Problem: Pick out all lines with the word "show" from the records that follow.

─── Given data ───

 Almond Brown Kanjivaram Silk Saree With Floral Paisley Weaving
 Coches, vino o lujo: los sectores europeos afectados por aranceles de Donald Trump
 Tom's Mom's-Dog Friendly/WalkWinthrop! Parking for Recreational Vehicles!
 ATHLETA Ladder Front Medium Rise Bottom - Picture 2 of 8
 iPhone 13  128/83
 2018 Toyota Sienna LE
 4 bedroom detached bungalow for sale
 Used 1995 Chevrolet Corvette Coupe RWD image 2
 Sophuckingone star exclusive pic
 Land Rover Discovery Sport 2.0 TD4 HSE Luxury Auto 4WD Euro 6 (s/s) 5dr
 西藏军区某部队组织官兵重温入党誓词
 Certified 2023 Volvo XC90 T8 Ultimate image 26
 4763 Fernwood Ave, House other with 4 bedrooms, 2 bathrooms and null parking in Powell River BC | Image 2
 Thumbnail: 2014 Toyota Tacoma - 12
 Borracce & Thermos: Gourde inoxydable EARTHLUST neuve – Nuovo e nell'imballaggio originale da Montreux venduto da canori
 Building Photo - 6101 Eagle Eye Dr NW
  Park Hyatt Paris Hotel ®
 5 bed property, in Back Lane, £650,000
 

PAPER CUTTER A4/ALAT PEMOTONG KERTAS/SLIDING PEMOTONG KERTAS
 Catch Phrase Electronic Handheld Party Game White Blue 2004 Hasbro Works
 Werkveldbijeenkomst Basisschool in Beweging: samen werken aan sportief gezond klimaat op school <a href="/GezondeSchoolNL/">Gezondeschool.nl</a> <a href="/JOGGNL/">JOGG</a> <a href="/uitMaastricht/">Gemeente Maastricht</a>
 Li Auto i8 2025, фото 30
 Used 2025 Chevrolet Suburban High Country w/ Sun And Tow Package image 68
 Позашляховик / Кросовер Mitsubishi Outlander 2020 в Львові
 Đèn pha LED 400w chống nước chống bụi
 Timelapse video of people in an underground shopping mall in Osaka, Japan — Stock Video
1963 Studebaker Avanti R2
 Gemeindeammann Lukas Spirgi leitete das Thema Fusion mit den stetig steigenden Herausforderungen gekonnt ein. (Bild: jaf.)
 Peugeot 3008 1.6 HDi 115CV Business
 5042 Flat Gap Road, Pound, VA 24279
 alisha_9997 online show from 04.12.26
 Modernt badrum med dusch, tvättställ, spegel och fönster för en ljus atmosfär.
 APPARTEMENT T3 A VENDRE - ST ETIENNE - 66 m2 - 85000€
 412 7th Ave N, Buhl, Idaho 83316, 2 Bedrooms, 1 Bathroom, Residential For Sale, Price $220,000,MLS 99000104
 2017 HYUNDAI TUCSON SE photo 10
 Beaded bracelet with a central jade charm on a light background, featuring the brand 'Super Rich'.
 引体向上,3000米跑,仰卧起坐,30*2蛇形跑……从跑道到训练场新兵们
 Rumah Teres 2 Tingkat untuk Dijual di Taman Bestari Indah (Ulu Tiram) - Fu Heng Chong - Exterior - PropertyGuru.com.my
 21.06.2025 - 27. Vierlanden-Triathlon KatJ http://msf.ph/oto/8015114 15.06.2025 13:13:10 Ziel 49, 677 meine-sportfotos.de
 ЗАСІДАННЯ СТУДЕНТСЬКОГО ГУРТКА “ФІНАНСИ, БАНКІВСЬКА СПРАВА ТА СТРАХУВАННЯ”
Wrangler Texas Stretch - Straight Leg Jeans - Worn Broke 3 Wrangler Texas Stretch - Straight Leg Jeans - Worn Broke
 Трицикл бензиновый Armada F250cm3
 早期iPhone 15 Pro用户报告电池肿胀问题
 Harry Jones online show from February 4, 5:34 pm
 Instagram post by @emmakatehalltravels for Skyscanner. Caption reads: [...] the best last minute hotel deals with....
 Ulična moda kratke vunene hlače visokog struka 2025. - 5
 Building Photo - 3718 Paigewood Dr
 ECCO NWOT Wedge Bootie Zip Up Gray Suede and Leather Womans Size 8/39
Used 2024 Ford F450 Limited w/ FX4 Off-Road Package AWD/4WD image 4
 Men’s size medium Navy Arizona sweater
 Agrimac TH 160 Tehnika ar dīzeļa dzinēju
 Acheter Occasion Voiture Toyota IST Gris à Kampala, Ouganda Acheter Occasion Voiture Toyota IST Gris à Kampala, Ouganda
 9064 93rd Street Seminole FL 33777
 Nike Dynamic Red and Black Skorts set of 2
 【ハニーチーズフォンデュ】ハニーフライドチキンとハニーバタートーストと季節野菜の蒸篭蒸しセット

───

Completed exercise:
 alisha_9997 online show from 04.12.26
 Harry Jones online show from February 4, 5:34 pm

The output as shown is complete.